Mas o procurar não é um meio - é o fim em si. É o procurar que nos prepara para o prazer, não só de encontrar, mas de conhecer.
Ao tentarmos fazer atalhos, não estamos a perder o prazer do caminho. Isso é um lugar-comum. Na verdade, o caminho é quase sempre uma chatice, como em qualquer viagem.
Para já, tornamo-nos cada vez melhores como procuradores. Quanto mais coisas boas achamos, melhor percebemos o que procuramos, e queremos, e precisamos.
É por isso que não basta apanhar o que outros encontraram. Sim, a coisa pode ser muito boa só por si, mas falta o caminho que foi preciso fazer para lá chegar.
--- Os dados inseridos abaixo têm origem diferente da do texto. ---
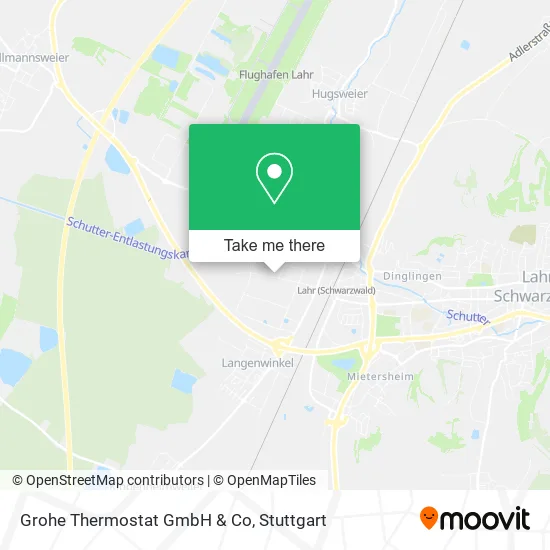 Карта Grohe Thermostat GmbH & Co
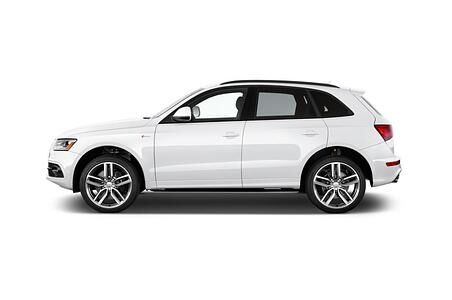 Audi SQ5 (Baujahr 2015) 3.0 Tdi Tiptronic Quattro 5 Türen Seitenansicht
Em Manchester conheci um velhote, sempre impecavelmente vestido, que tinha ficado viúvo muito novo e que andava à procura de uma segunda mulher. Em vez de desistir, como tinham feito os amigos dele, estava sempre catita, pronto para o que desse e viesse. É isso que devemos fazer, quando a felicidade se faz tardar: estarmos sempre disponíveis, estarmos sempre prontos para ela.
Não há atalhos: apenas preparações. Para se ser feliz, é preciso estar à mão. É preciso gostar do dia-a-dia de quem está pronto. É preciso manter as estrelinhas nos olhos. Tanto faz vir na forma de uma pessoa ou de um disco, ou de outra alegria qualquer.
Estar pronto é procurar.
Procurar é o que mais se aproxima da felicidade. Como a felicidade é passageira, e incerta, e, às vezes, nem sequer aparece, o procurar é o que fica, o procurar é aquilo em que se pode confiar.
Se calhar, até nem precisamos de ser felizes. Precisamos é de estar distraídos. Se calhar, a verdade da vida é sempre muito triste, e não somos feitos para a aguentar.
É procurando que nos distraímos mais. Roubar o que os outros encontraram é roubarmo-nos a nós mesmos.
Ficamos com as felicidades dos outros - que nunca cabem, que nos ficam sempre mal - e, acima de tudo, ficamos sem a coisa que mais graça tinha, que era a procura. Que era o procurar.